'You can't turn on a dime.'
Money 'uncertainties; plague polar research lab
A dozen scientists have returned to the Polar Environment Atmospheric Research Laboratory on Ellesmere Island to watch the long polar night turn to day.
This is the time of year when scientists can learn much about the environment by observing changes in the air and on the ground as sunlight returns to the High Arctic.
But the future of the laboratory known as PEARL, located 15 kilometres from the Eureka air base, is up in the air.
That's because the money which helps support PEARL is disappearing, said James Drummond, its lead scientist.
"You can't turn on a dime," said Drummond, who didn't accompany his team up to PEARL this year to watch the sun rise.
Instead he's still in the South, scouting for money to keep PEARL open.
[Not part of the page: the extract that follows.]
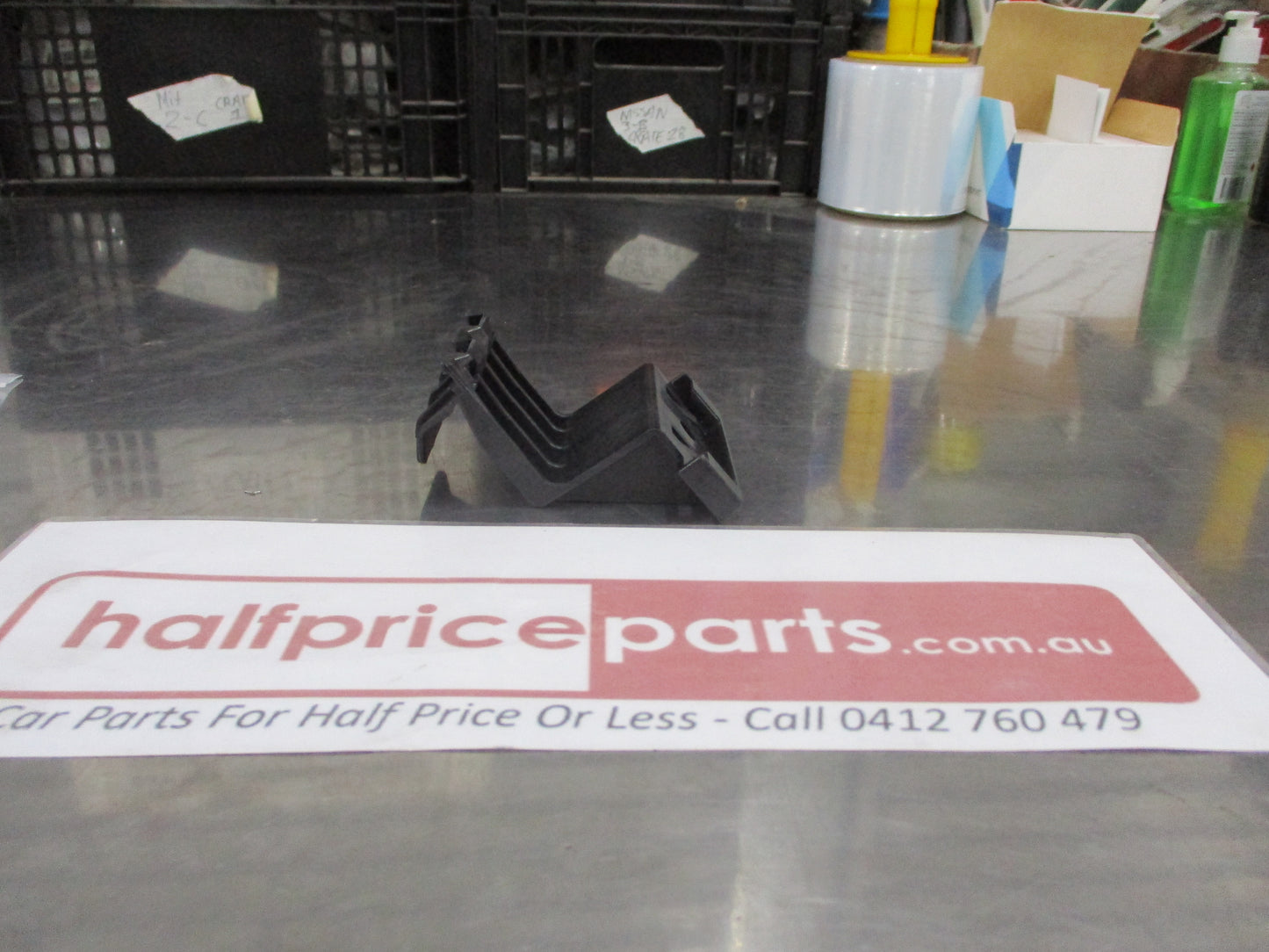 Mazda 3 Genuine Front Left Or Right Lower Bumper Bracket New Part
A grant of more than $200,000 a year in operating funds from Canada's Natural Sciences and Engineering Research Council ends March 31.
PEARL's $5.5 million, five-year grant from the Canadian Foundation for Atmospheric and Climate Sciences runs out next March.
This money pays for the work of the members of the research team at PEARL who use 25 different instruments to measure and track changes in the levels of ozone and contaminants.
These changes are at their height right now.
During the month around the polar sunrise, ozone gas, which protects humans, wildlife and even fish from the sun's harmful ultra-violet radiation, vanishes while mercury drops out of the air and accumulates in the snow.
"The chemical state of the atmosphere changes dramatically in the transition between the long polar night and the long polar day. We observe intensely during this period, and then we continue to observe as much as we can during the rest of the year," Drummond said.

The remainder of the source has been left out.